- _THE PROBLEM_:
Below this line are records; transcribe exactly the lines between the one holding "Efva Attling Smooth" and the one holding "GALPADA Portable Guitar", inclusive, and omit the pictures.

- _SUPPLIED DATA_:
== Segment start ==

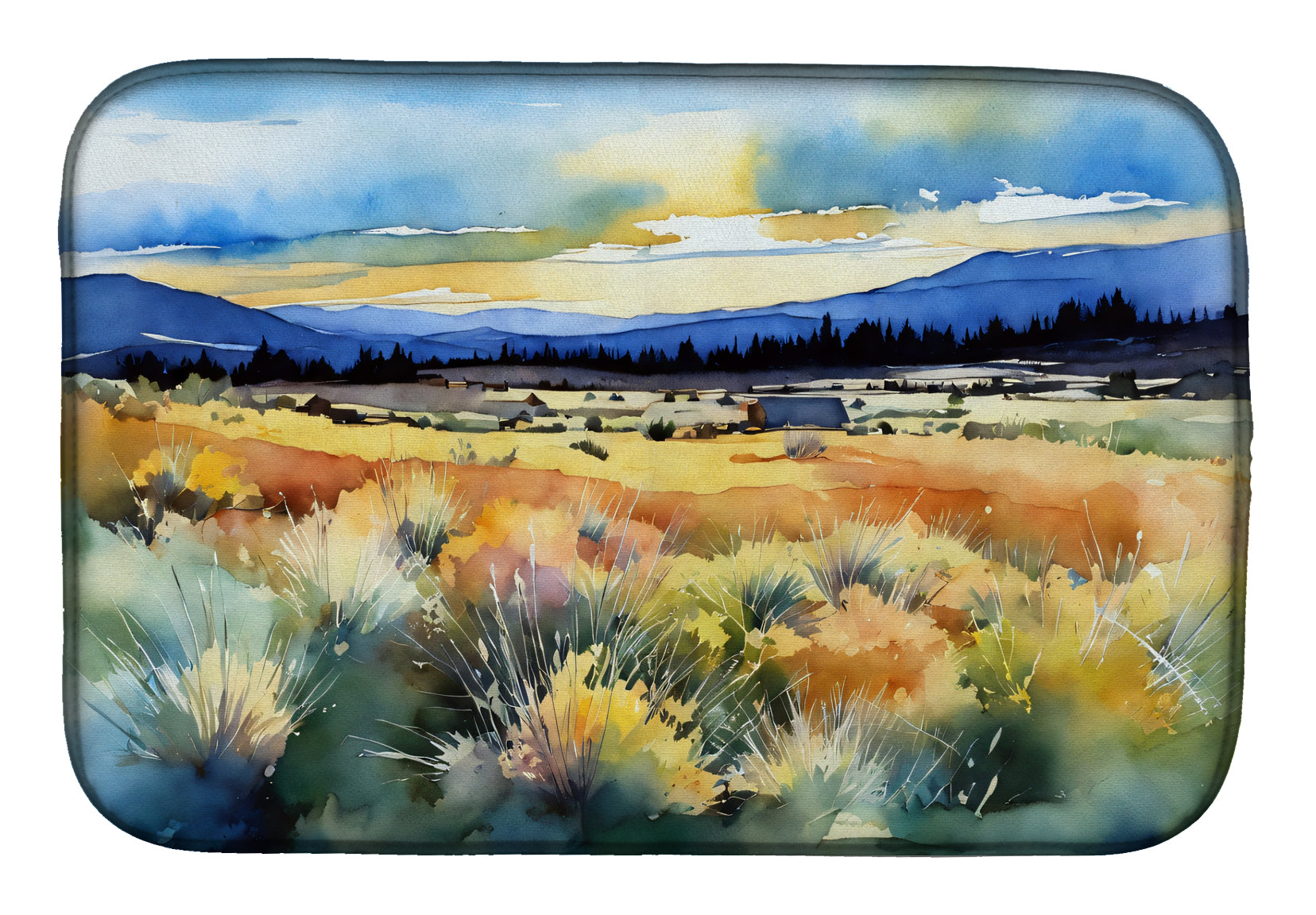 Buy this Nevada Sagebrush in Watercolor Dish Drying Mat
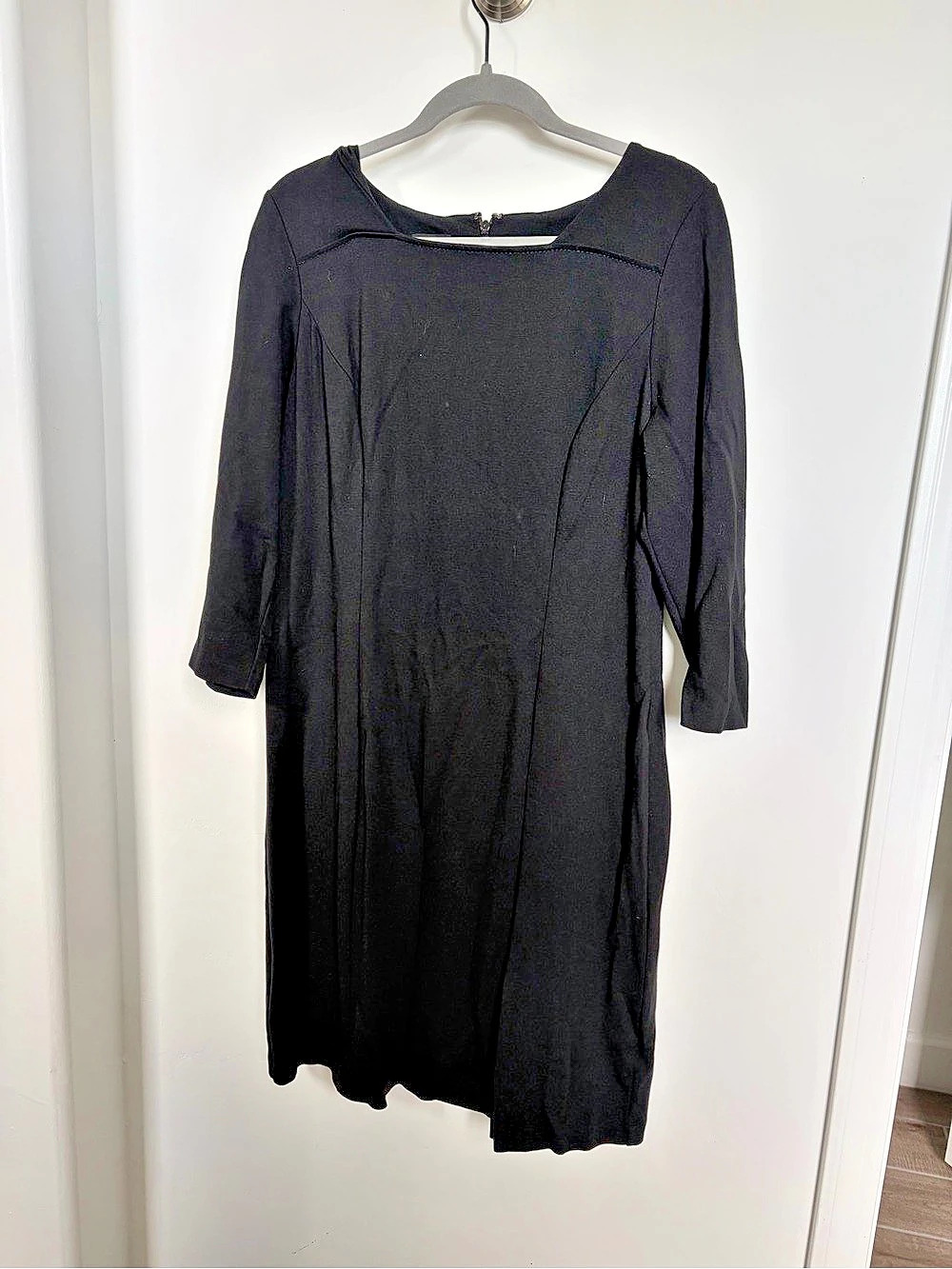 Talbots Long Sleeve Black Dress Size 12P Like New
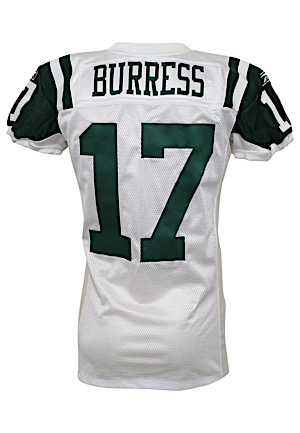 2011 Plaxico Burress New York Jets Game-Used Jersey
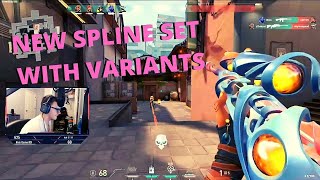 BRAND NEW SPLINE SET IS OUT PATCH 107  NEW SPLINE SKINS GAMEPLAY WITH VARIANTS VALORANT RANKED [upl. by Snook814]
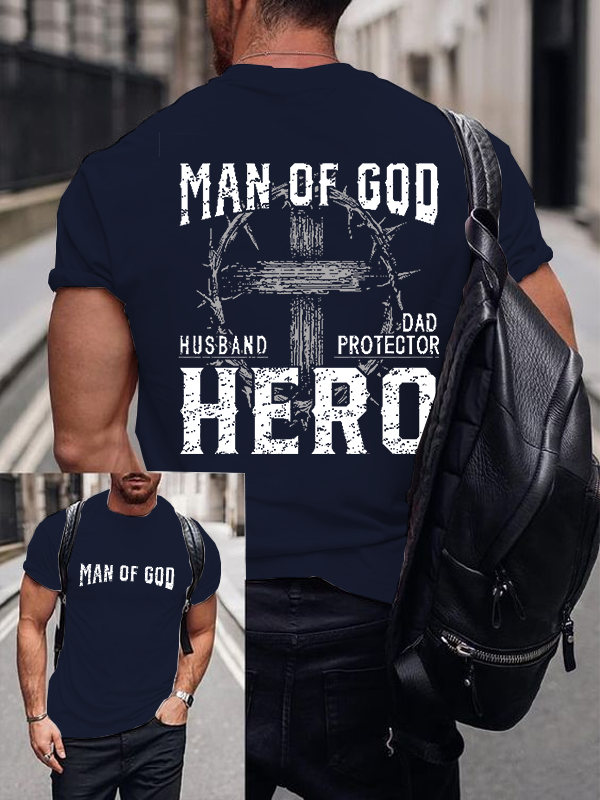 Man of God Christian Cotton T-Shirt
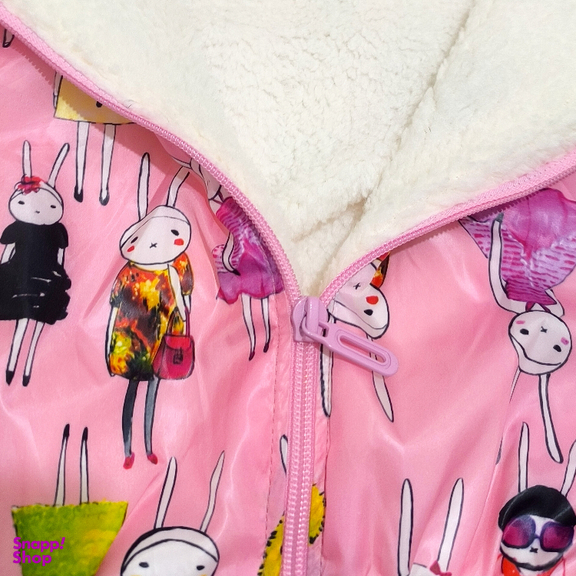 کاپشن دخترانه طرح عروسکی کد 125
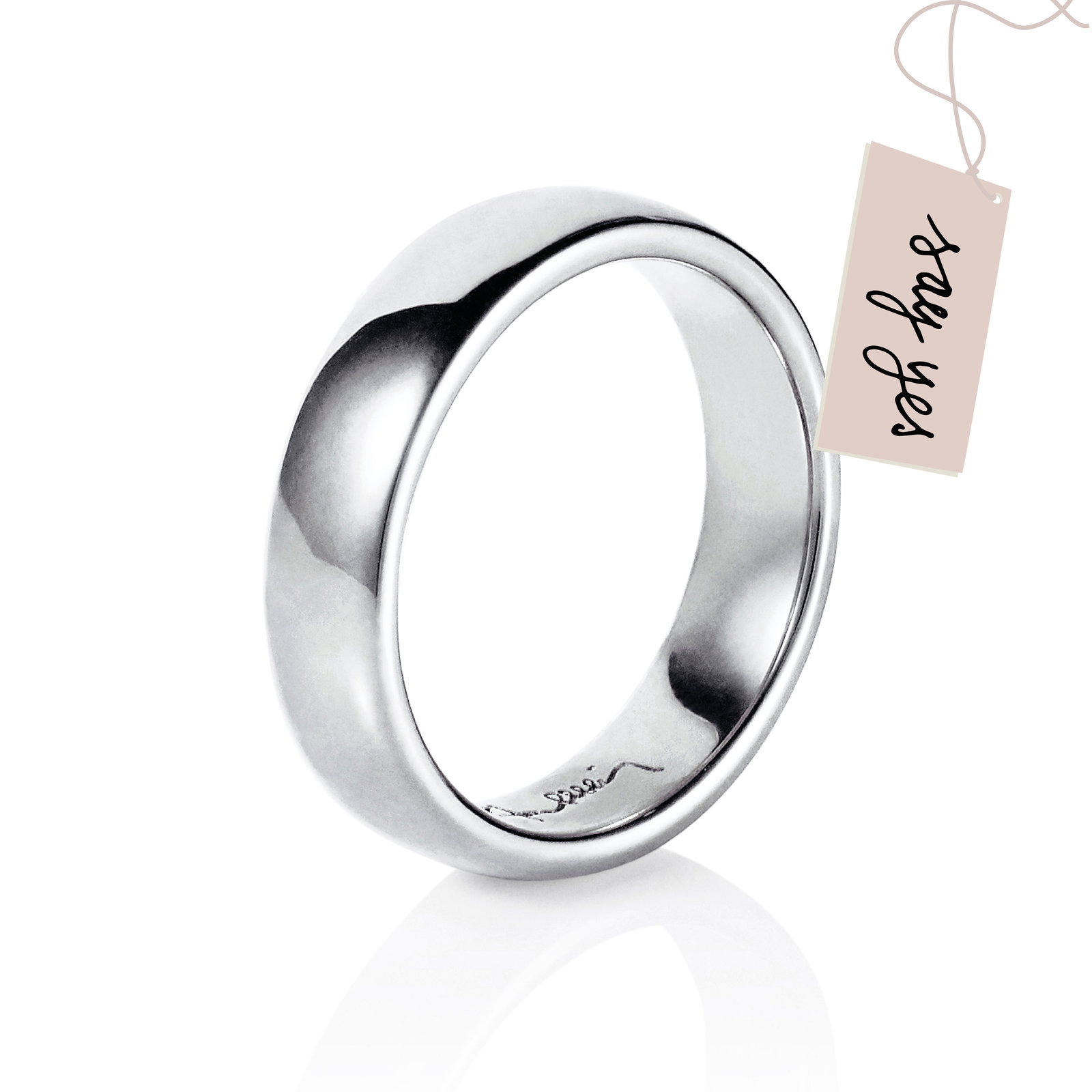 Efva Attling Smooth Ring 17.50 – HYRA RING: SILVER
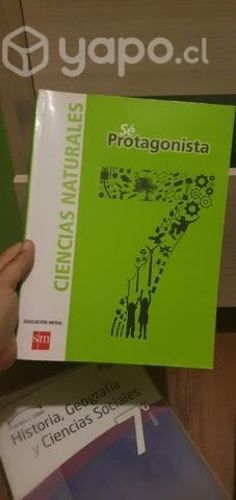 Libro escolar cs naturales Sé protagonista ed. SM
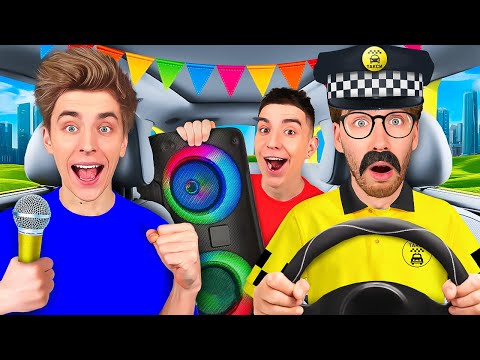 TYPES OF PEOPLE IN A TAXI!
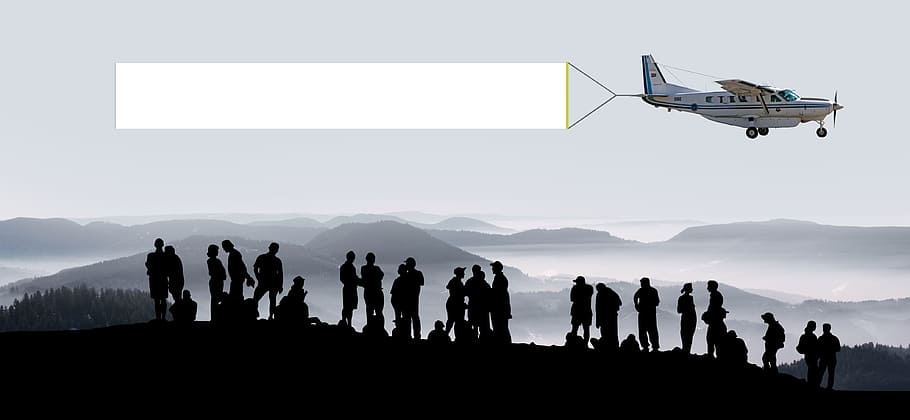 silhouette of poeple on mountain, group, human, collection HD wallpaper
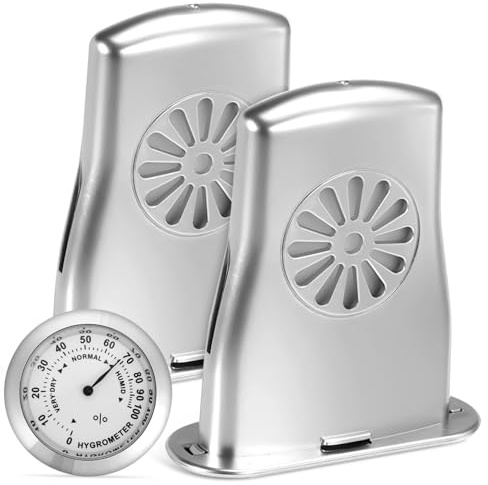 GALPADA Portable Guitar and Violin Hygrometer with Abs Material, Silver Violin Soundhole Humidifiers for Accurate Temperature Measurement in Musical Instrument Cases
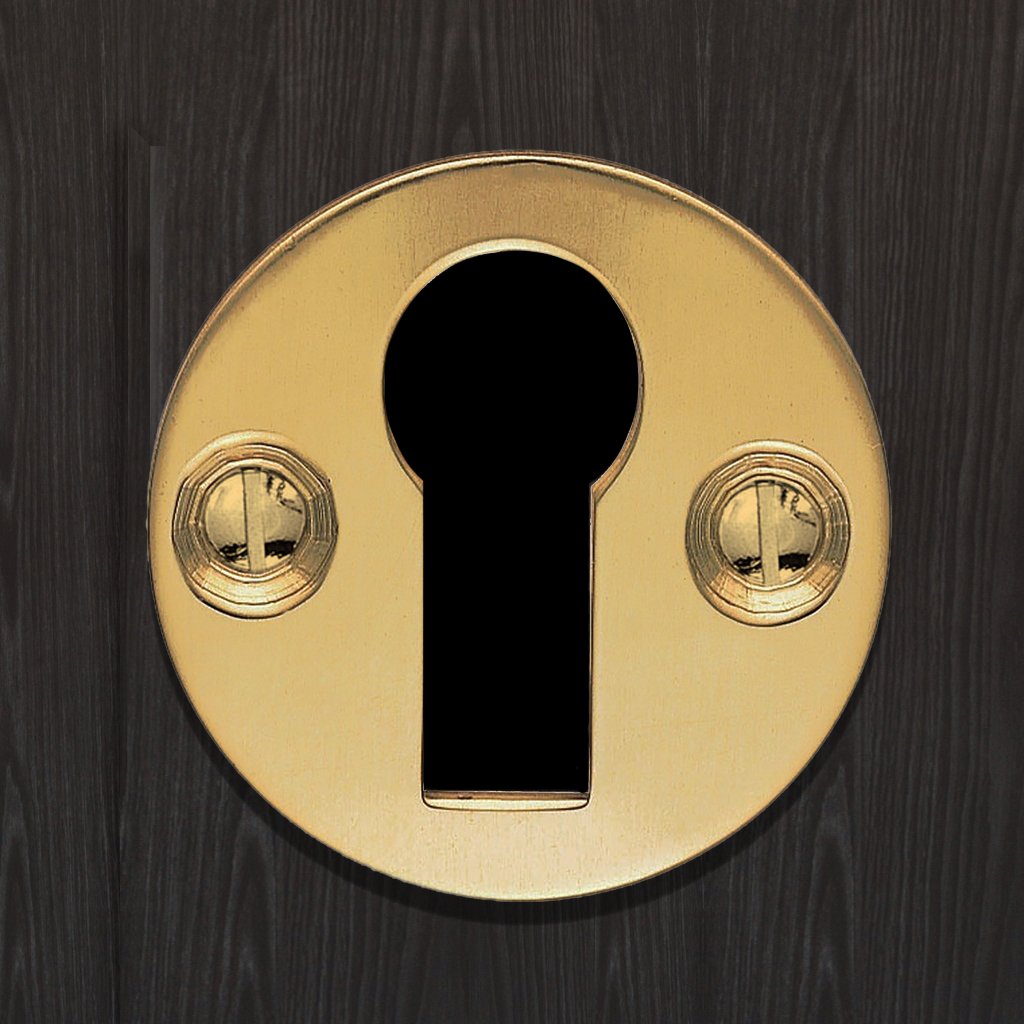 M41 Victorian Open Escutcheon, Standard Profile - 3 Finishes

== Segment end ==

- _OUTPUT BELOW_:
 Efva Attling Smooth Ring 17.50 – HYRA RING: SILVER
 Libro escolar cs naturales Sé protagonista ed. SM
 TYPES OF PEOPLE IN A TAXI!
 silhouette of poeple on mountain, group, human, collection HD wallpaper
 GALPADA Portable Guitar and Violin Hygrometer with Abs Material, Silver Violin Soundhole Humidifiers for Accurate Temperature Measurement in Musical Instrument Cases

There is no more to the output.